Scott Gottlieb, FDA Head, Calls Teenage Vaping An Epidemic, Threatens Flavored Vape Ban

The FDA announces action against retailers selling e-cigarettes to minors.

A customer smokes an E-Cigarette at Digital Ciggz
Justin Sullivan / Getty Images

The FDA announces action against retailers selling e-cigarettes to minors.

The Food and Drug Administration (FDA) Commissioner Scott Gottlieb described teenage vaping as an epidemic as part of an announcement of action against retailers selling vapes to minors, the Washington Post reports.

On Wednesday, the FDA announced that it had taken action against over 1,300 retailers for selling the products to minors, the largest enforcement action ever undertaken by the agency.

In research undertaken by the FDA, which was shared with the Washington Post, shows a 75 percent increase in vaping among high school students compared to last year. That data has not been released publicly yet, with the data coming from the early stages of the National Youth Tobacco Survey.

As part of the FDA’s enforcement, the agency sent 1,200 letters warning retailers that they could face penalties for selling to customers under 18. Another 130 stores were issued fines from $279 to a high of $11,182 for repeat offenses.

Some of the companies issued letters were high-profile retailers including locations of Walgreens and Walmart and several gas stations from the 7-Eleven, Circle K, Citco, and Exxon chains.

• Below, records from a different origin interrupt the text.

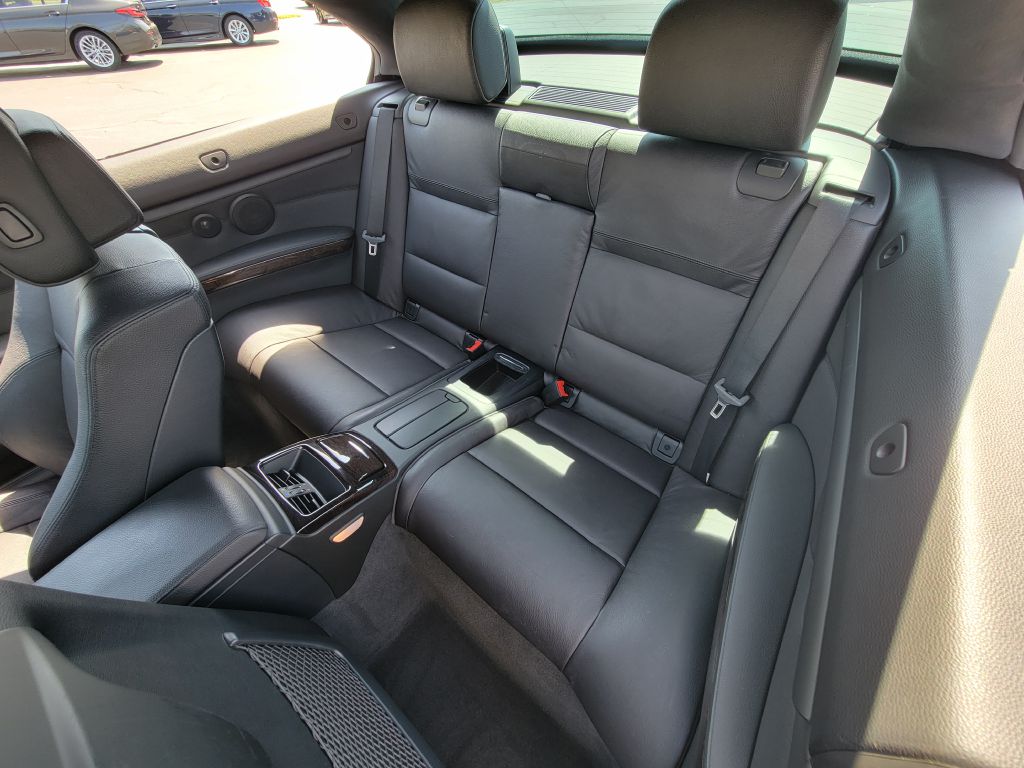 Image for 2012 BMW 335 CONVERTIBLE Local Owned MSport NAV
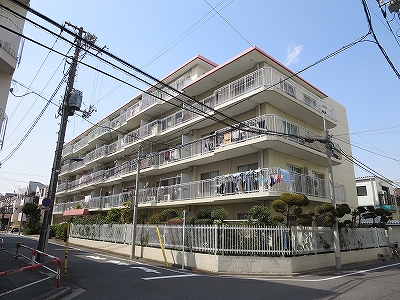 東京都 北区 不動産 トウリハウジング 赤羽西 マンション 本蓮沼ハイツ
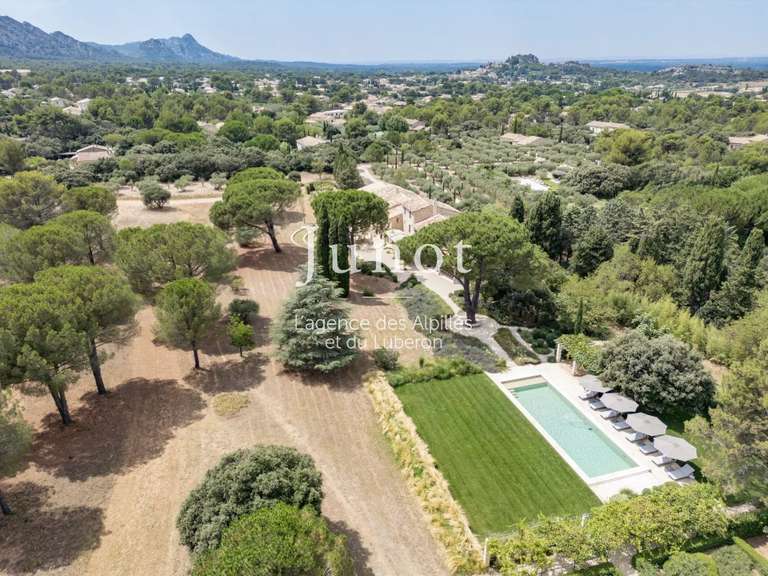Maison Eygalières - 8 chambres - 550m²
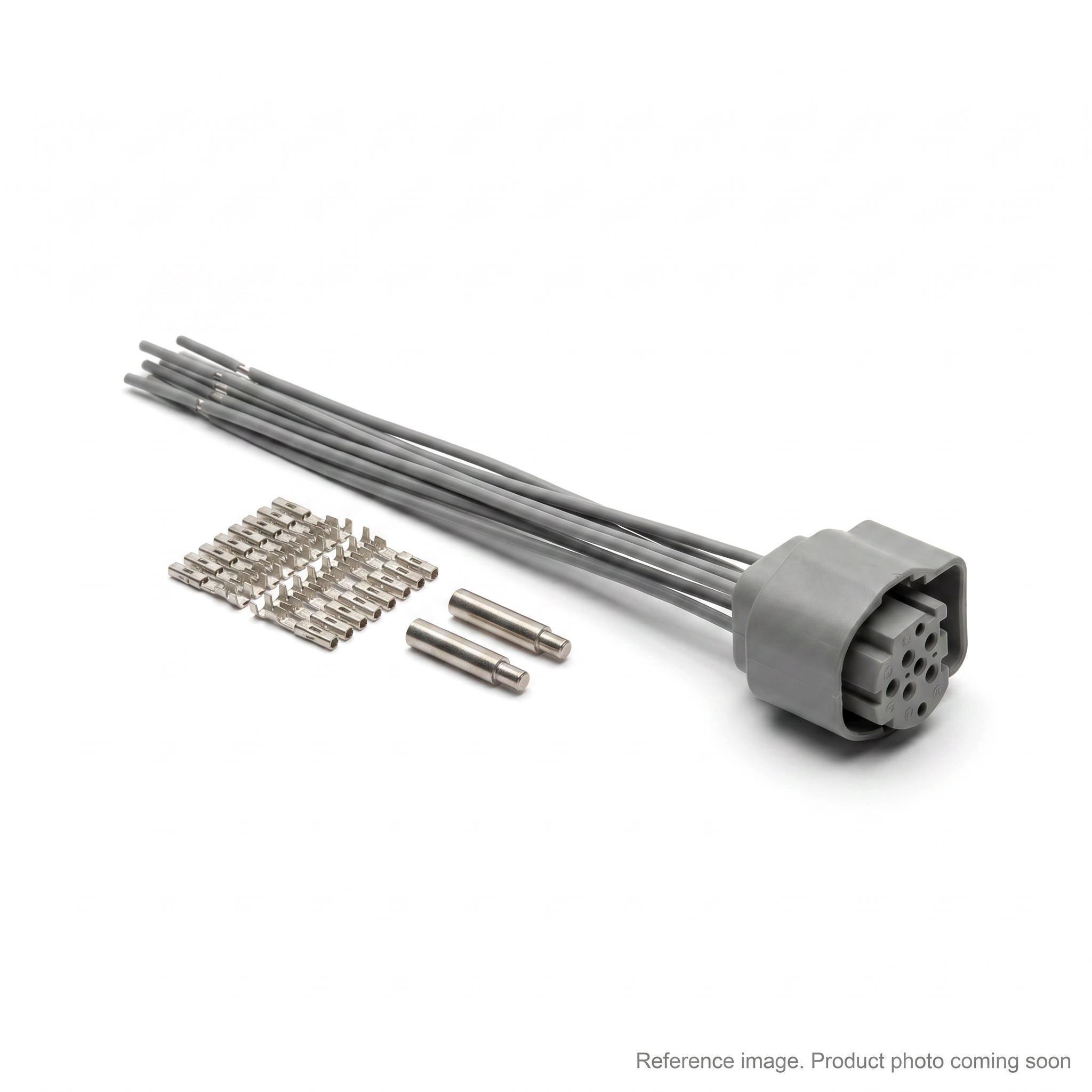 Cummins 5299962 ELC Repair Connector alternate angle product photo | stocked in BC, ships Canada-wide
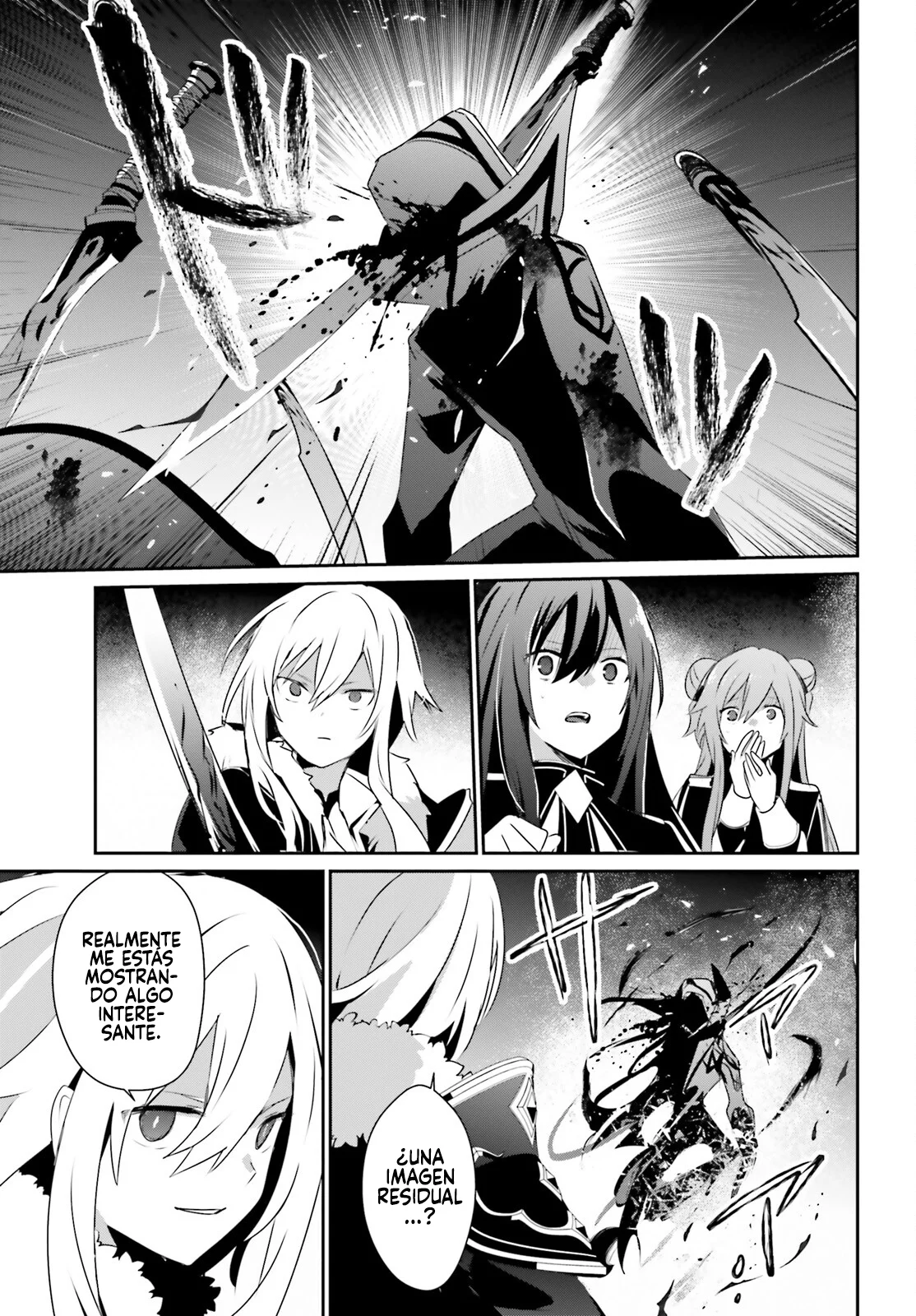 Kage no Jitsuryokusha ni Naritakute! Master of Garden: Shichikage Retsuden Capítulo 65 - Page 34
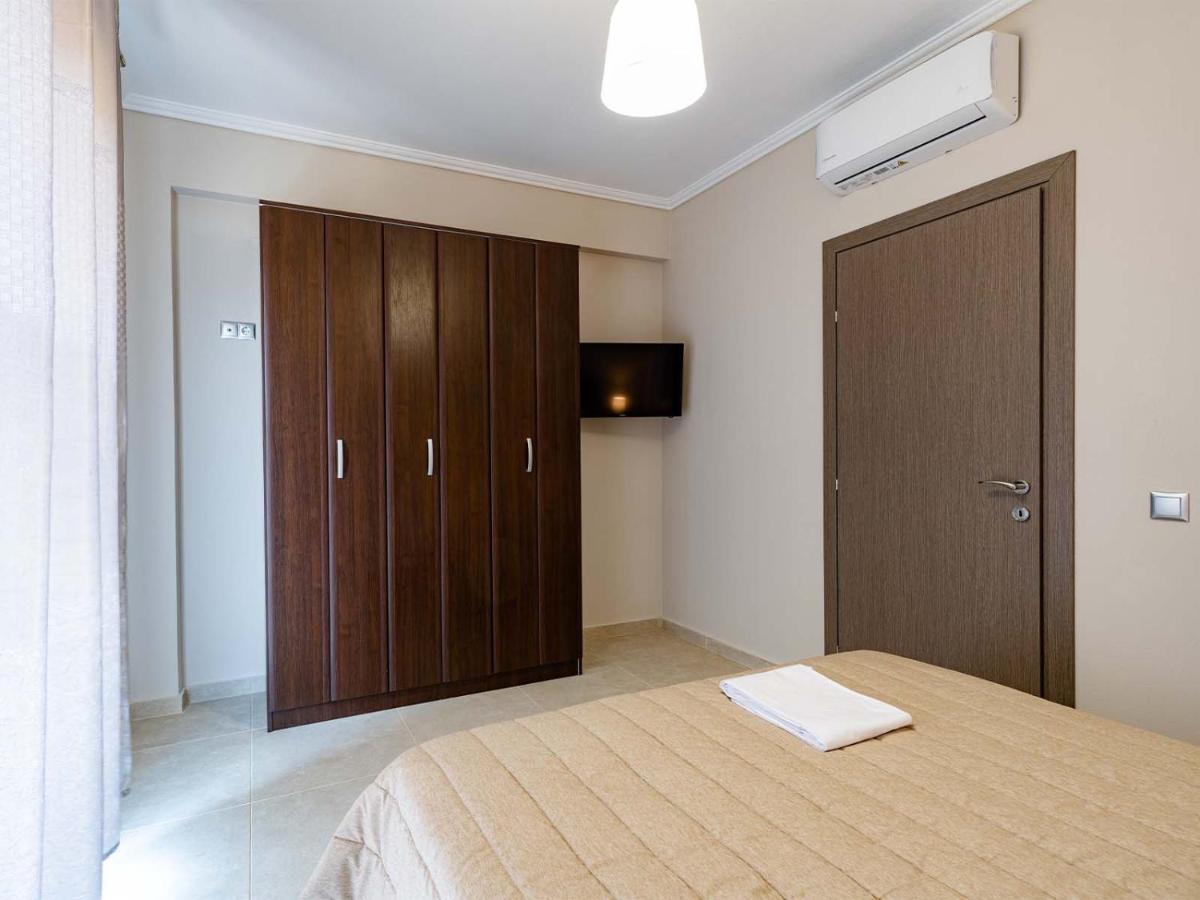 Kiosse Maisons By Travelpro Services Nea Flogita Halkidiki Exterior foto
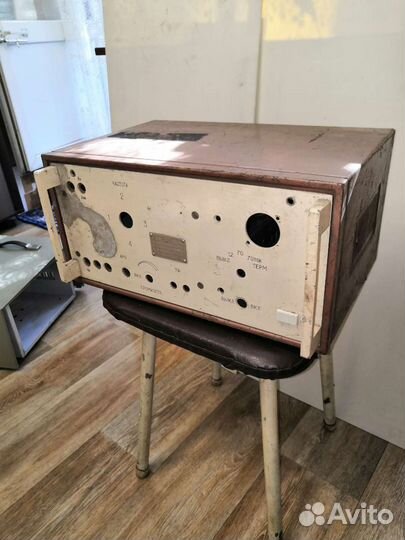 Корпус для рэа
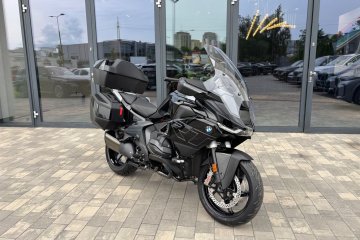 2026 BMW R1300RT Triple Black Automat AGX SOS Dostępny od ręki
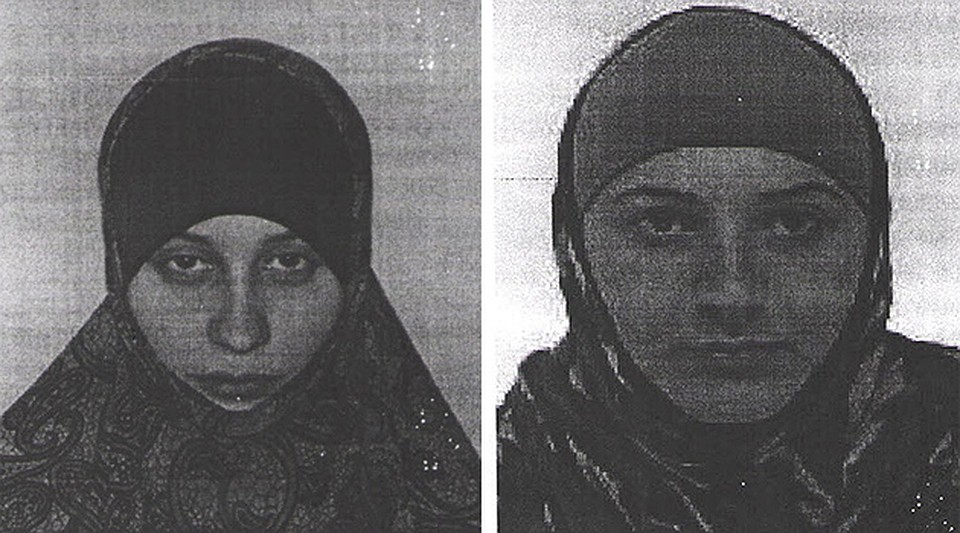 Вместе с нею искали 26-летнюю Заиру Алиеву и 34-летнюю Джаннет Цахаеву (Алиеву).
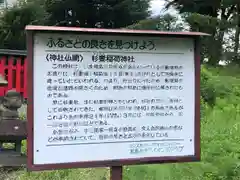 杉妻稲荷神社(福島県)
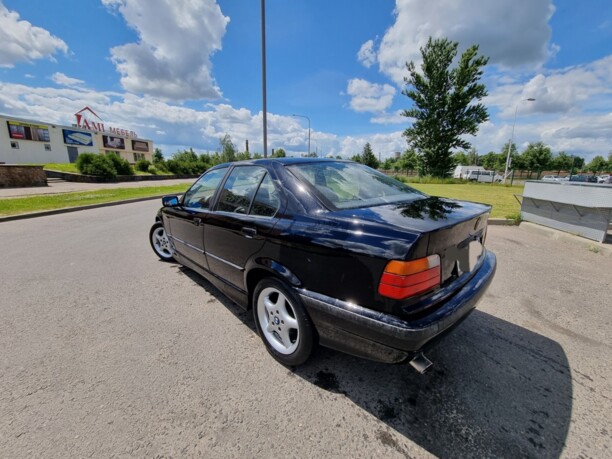 BMW 3 серия E36, 1993 г.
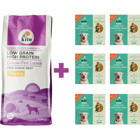 Kito Kuzu Etli Tüm Irklar Yavru Köpek Ödül Maması 2.5 kg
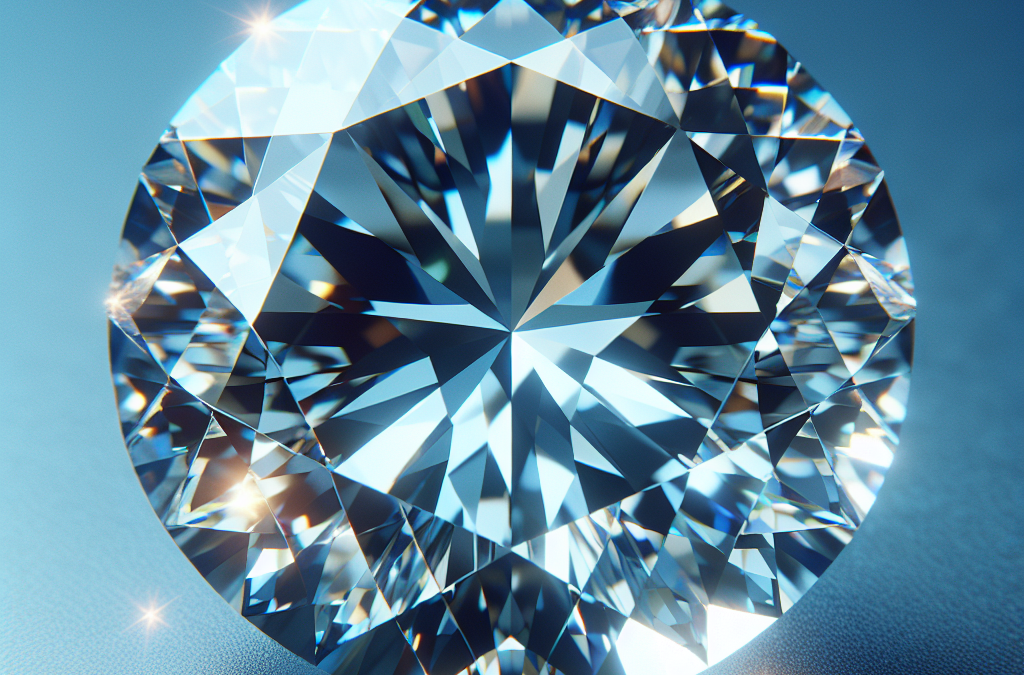 what is a lab cut diamond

Speaking to his employees, Gottlieb spoke of the underage use of e-cigarettes becoming a crisis, saying, “the disturbing and accelerating trajectory of use we’re seeing in youth, and the resulting path to addiction, must end.”

Further to the penalties issued to various retailers, there were also letters sent to the five leading vape manufacturers requesting them to submit plans about how to curb sales to minors. The letter came with a 60-day deadline and a threat that if there were no promises made to stop the use of the products by minors, the agency would start looking at taking steps to remove flavored products from the market.

Should that ban occur, the fast-growing industry would take a significant hit with all the major e-cigarette companies selling non-nicotine fruit flavors.

Supporters of such a ban contend that the use of fruit flavors encourage minors to try the products, and that then leads to them becoming addicted. The manufacturers argue that having flavored vapes allows nicotine-addicted adults to kick their smoking habit, transitioning to the safer vapes.

The announcement came as surprise, given Gottlieb’s earlier comments supporting e-cigarettes specifically for the reason that the industry gives for avoiding the ban. Gottlieb acknowledged that fact but said his greater concern was the risk to young people, worried that they will move to traditional cigarettes and other tobacco products.

The Wall Street Journal reports that the manufacturers have welcomed the work from the FDA, promising to cooperate with the request. Juul, a company that has become popular with teenagers, has said they will “work proactively with the request.”

Juul really has no choice but to cooperate, with the company reportedly holding 72 percent of the market with a worth estimated to be $2.3 billion.

In response to the news from the FDA, shares in tobacco companies rose sharply, with some gaining as much as 8 percent.